▶ [PROBLEM TO SOLVE]
Set down exactly, from the records below, the line with "Lejepapirer, Abena® ABRI-CLINIC, 2-lags, papir, 50" through the line with "BMW X3 xDrive 30e, Interieur", and nothing else.

*** Opening DATA EXTRACT ***

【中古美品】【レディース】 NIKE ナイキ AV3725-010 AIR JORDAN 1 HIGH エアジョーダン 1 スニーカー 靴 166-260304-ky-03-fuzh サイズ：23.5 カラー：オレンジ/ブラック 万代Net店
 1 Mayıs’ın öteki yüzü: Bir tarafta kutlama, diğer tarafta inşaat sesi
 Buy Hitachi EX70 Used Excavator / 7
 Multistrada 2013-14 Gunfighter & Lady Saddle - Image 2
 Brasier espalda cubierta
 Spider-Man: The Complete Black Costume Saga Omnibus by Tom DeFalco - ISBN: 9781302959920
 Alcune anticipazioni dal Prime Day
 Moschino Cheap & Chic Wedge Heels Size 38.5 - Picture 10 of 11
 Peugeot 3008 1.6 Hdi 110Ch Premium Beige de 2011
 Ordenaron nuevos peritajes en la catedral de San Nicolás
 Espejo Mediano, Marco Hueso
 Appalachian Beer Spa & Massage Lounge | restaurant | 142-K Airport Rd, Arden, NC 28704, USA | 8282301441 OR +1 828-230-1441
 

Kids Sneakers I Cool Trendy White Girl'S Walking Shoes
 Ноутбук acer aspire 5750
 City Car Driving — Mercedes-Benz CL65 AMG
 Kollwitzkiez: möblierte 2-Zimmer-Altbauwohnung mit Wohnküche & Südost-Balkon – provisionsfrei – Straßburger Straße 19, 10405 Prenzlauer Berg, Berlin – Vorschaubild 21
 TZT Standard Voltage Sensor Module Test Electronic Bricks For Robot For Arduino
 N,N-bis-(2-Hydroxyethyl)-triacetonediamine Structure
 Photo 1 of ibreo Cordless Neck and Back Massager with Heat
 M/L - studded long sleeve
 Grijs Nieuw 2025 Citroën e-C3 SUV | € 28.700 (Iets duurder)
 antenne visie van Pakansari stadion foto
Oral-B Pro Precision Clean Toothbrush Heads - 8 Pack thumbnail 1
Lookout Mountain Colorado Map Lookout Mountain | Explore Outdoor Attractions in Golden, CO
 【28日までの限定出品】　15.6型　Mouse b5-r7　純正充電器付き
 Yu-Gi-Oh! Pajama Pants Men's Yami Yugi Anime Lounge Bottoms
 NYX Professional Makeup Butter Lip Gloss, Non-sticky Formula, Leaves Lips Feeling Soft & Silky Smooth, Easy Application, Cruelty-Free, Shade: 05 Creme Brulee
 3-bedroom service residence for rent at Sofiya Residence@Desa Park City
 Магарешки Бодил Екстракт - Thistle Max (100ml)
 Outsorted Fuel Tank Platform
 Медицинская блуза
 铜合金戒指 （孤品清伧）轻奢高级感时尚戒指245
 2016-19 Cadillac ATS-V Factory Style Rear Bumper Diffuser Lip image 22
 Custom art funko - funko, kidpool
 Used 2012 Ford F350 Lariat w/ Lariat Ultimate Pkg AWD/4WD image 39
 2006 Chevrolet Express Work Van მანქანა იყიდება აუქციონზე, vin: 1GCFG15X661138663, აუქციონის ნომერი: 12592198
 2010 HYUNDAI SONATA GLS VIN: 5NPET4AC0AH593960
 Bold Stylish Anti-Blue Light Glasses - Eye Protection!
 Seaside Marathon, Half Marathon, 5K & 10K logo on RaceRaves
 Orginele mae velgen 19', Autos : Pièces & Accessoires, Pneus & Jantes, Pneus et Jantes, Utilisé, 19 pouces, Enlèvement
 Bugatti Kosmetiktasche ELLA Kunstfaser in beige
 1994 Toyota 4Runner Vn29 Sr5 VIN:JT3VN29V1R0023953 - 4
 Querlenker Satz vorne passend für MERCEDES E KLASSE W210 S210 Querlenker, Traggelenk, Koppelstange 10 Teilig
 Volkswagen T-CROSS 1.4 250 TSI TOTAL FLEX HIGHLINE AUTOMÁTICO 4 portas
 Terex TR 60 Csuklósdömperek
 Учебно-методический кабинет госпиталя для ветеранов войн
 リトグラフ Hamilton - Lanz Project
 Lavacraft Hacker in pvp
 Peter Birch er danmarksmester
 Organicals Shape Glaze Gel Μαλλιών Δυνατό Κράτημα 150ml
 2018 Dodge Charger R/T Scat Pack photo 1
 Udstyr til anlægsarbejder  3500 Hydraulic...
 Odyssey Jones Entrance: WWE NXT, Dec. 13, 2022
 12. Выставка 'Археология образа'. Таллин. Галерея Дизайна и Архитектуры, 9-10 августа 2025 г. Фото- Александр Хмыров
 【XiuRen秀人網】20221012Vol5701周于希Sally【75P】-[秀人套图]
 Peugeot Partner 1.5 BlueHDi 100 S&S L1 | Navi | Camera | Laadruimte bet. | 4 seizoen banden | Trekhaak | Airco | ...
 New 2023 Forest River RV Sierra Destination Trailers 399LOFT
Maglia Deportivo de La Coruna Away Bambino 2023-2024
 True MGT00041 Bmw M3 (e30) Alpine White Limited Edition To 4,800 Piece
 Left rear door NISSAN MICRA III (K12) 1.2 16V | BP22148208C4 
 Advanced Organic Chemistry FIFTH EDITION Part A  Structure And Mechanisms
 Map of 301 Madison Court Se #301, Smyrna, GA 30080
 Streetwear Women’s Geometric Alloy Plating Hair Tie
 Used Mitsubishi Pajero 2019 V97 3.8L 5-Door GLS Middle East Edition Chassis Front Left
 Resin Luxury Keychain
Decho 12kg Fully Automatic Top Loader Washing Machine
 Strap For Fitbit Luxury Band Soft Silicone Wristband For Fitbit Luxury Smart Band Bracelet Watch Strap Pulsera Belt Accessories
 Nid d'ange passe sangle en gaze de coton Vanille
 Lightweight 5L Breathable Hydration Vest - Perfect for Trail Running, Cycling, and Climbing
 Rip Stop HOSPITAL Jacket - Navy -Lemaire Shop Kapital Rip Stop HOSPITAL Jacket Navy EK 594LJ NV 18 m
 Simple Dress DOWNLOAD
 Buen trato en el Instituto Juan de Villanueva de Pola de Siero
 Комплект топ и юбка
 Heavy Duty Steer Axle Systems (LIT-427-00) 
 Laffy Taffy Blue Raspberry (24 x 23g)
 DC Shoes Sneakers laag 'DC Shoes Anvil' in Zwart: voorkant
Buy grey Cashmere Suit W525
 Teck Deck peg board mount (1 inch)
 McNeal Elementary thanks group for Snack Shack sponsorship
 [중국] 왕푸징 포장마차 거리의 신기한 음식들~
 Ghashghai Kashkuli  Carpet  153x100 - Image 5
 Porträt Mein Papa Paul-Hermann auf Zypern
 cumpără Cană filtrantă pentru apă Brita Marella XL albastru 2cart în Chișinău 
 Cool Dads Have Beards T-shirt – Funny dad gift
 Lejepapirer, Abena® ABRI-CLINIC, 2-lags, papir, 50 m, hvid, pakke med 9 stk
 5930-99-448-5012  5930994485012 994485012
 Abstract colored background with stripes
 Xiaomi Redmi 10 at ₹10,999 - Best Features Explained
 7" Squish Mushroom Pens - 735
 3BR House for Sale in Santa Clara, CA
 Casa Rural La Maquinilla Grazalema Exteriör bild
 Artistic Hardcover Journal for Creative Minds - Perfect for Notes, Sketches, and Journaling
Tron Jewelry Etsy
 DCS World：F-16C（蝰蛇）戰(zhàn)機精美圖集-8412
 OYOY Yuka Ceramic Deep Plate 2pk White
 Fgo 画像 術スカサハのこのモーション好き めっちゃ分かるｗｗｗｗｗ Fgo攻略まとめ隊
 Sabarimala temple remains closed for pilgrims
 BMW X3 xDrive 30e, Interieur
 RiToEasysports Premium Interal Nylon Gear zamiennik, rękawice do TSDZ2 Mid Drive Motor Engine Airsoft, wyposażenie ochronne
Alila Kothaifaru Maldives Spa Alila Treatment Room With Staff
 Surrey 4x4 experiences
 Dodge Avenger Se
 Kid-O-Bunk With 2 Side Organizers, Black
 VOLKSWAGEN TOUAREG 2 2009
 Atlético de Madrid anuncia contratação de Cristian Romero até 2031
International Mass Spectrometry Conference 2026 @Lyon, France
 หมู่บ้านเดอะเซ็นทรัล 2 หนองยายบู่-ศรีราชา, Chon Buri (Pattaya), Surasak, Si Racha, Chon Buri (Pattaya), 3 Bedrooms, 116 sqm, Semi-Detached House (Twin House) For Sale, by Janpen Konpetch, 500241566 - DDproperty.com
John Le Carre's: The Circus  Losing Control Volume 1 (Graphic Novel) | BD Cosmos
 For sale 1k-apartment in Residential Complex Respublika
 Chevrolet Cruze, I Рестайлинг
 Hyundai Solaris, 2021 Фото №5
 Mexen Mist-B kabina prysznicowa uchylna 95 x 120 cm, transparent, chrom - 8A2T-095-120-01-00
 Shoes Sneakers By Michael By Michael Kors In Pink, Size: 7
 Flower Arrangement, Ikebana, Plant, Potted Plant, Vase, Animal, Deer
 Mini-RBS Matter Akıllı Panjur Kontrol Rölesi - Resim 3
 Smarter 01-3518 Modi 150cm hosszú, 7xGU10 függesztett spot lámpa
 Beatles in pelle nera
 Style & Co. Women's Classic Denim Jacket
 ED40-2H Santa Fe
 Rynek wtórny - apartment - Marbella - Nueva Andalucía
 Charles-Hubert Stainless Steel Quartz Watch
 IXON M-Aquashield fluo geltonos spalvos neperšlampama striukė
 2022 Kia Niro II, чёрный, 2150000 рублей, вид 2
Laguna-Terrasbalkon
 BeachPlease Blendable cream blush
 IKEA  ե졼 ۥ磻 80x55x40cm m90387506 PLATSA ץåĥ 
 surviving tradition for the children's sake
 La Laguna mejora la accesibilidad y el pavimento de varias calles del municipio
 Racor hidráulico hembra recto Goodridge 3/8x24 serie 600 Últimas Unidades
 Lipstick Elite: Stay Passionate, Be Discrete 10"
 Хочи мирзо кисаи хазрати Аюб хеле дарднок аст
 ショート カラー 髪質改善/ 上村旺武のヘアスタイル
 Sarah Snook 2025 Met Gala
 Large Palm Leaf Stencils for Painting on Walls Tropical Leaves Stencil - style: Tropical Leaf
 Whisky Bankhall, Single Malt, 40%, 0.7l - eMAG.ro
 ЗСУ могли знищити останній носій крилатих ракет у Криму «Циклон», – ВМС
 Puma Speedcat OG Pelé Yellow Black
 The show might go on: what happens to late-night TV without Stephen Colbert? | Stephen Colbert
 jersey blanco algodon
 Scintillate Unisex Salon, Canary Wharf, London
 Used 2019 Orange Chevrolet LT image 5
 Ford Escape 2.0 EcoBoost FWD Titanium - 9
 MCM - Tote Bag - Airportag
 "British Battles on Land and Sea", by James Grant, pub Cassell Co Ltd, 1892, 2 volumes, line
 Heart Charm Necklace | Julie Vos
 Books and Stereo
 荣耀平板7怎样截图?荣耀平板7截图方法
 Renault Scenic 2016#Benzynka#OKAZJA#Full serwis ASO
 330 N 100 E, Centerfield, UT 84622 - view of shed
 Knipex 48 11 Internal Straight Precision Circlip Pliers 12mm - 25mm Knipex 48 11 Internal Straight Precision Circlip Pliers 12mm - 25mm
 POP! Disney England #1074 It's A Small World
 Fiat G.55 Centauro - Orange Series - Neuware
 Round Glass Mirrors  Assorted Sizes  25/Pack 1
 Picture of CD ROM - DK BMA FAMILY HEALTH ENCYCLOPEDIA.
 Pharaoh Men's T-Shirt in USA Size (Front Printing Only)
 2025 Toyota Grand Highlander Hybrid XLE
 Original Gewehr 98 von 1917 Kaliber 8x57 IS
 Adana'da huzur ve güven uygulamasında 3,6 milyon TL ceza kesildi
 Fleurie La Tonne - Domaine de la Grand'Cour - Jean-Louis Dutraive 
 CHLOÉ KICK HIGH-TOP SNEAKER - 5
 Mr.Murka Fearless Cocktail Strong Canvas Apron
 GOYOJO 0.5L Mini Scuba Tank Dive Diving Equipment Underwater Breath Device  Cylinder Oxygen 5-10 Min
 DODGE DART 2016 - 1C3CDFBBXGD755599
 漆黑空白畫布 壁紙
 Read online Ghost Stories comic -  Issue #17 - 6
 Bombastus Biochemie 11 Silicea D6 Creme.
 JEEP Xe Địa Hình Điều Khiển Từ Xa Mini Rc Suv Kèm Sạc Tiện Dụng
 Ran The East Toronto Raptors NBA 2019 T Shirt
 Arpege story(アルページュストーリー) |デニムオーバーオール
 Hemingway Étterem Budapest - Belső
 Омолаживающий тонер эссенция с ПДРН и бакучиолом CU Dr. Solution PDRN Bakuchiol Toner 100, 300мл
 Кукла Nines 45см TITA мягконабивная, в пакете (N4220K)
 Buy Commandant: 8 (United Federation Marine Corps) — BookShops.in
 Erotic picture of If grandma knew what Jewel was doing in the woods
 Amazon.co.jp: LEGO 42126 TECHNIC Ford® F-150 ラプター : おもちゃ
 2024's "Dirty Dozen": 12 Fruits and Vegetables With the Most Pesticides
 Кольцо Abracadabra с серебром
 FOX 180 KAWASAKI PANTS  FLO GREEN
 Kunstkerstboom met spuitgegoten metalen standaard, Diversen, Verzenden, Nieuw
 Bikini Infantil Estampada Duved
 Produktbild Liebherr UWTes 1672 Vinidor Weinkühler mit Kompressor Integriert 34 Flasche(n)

*** Closing DATA EXTRACT ***

▶ [ANSWER AREA]
 Lejepapirer, Abena® ABRI-CLINIC, 2-lags, papir, 50 m, hvid, pakke med 9 stk
 5930-99-448-5012  5930994485012 994485012
 Abstract colored background with stripes
 Xiaomi Redmi 10 at ₹10,999 - Best Features Explained
 7" Squish Mushroom Pens - 735
 3BR House for Sale in Santa Clara, CA
 Casa Rural La Maquinilla Grazalema Exteriör bild
 Artistic Hardcover Journal for Creative Minds - Perfect for Notes, Sketches, and Journaling
Tron Jewelry Etsy
 DCS World：F-16C（蝰蛇）戰(zhàn)機精美圖集-8412
 OYOY Yuka Ceramic Deep Plate 2pk White
 Fgo 画像 術スカサハのこのモーション好き めっちゃ分かるｗｗｗｗｗ Fgo攻略まとめ隊
 Sabarimala temple remains closed for pilgrims
 BMW X3 xDrive 30e, Interieur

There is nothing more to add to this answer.